Pictured: Postmodernism being sexy as fuck

Remember the “Weapons of Mass Destruction” of Saddam Hussein that turned out to be a lie? How about when infamous Reagan administration official Lee Atwater let slip that social spending rhetoric was merely a cover for taking advantage of racist fears? You can no longer say n*****, n*****, n*****, you’ve got to lie. How is dog-whistle politics not post-truth? A hundred years ago, Woodrow Wilson needed to sell an unpopular world war to his country, and thus was birthed propaganda. Hell, even Plato talked about creating a myth to convince the plebs that the hierarchy he had set up in his Utopian Republic was both righteous and eternal. Those at the top, of course, were all in on the ruse. This is all prior to Trump, so there’s nothing “post” about it.

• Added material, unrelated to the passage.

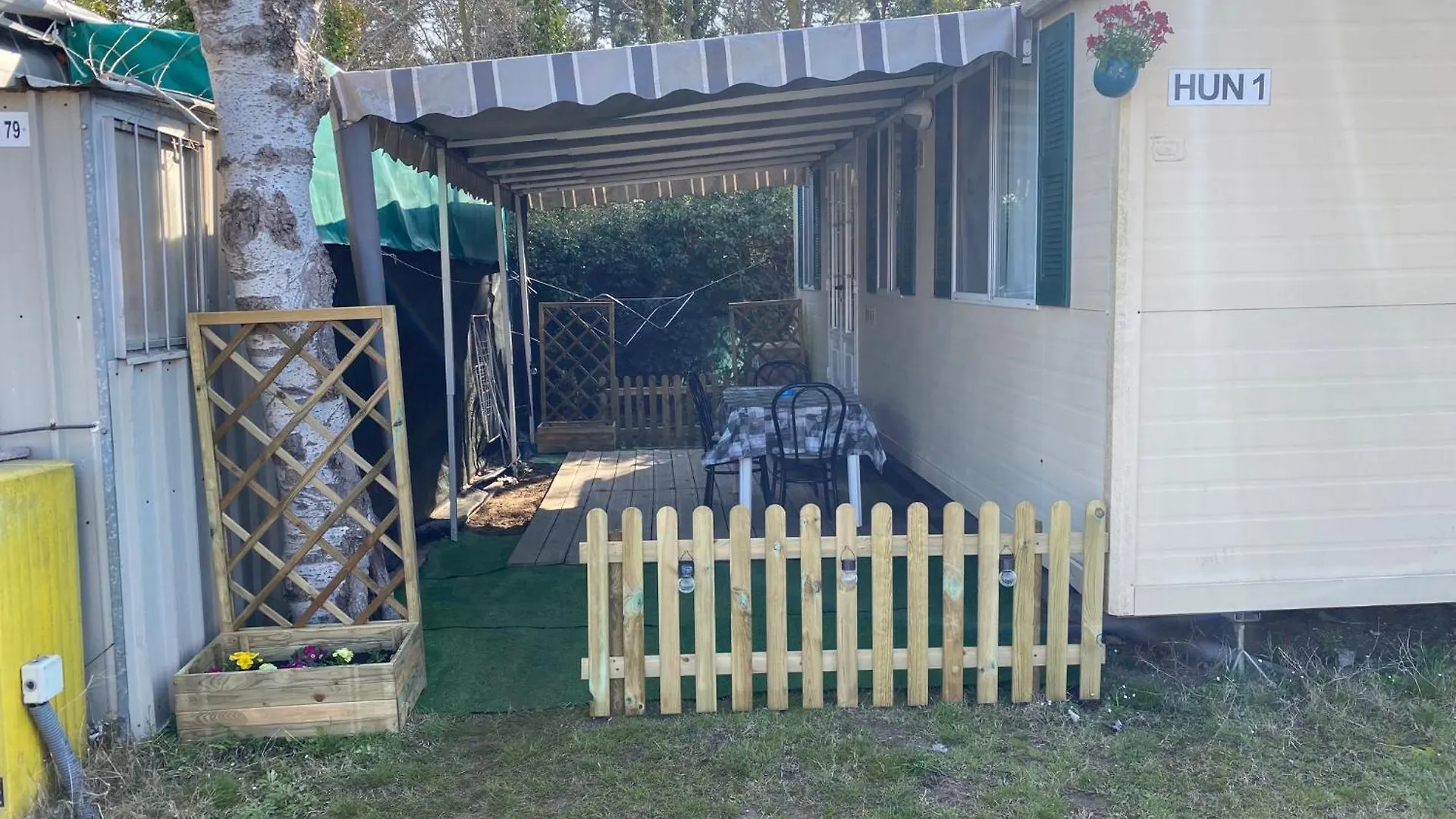 Mobilehomes Lido Di Dante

All these instances are powerful people shaping what we consider to be the “right” way of viewing the world. You know, the “truth.” Kinda sounds like the postmodernists were on to something, actually. So how have things changed since Trump was elected?

A compelling argument could be post-accountability. My own version of honesty as a virtue is that virtue requires personal sacrifice. When I have literally nothing to gain or lose by lying, like if I lie about the weather outside, then I’m considered pathological. Honesty doesn’t really fit in as a virtue in those kinds of scenarios. However, if I get drunk at a party and make out with my girlfriend’s sister, then I have a lot to lose in being honest about it. Hence, virtue requires the potential for personal sacrifice. This clearly shows that Trump is pathological, given that he, and his enabling administration, will lie about something as absurd as crowd sizes, even given photographic evidence to the contrary. However, no one holds him or the administration accountable. He was impeached, sure, but given the obstruction of justice he committed that was exposed during the Mueller probe, and the personal profit he has garnered violating the emoluments clause of the constitution, his impeachment was very lackluster. And then it was dismissed in the senate, with no lessons learned.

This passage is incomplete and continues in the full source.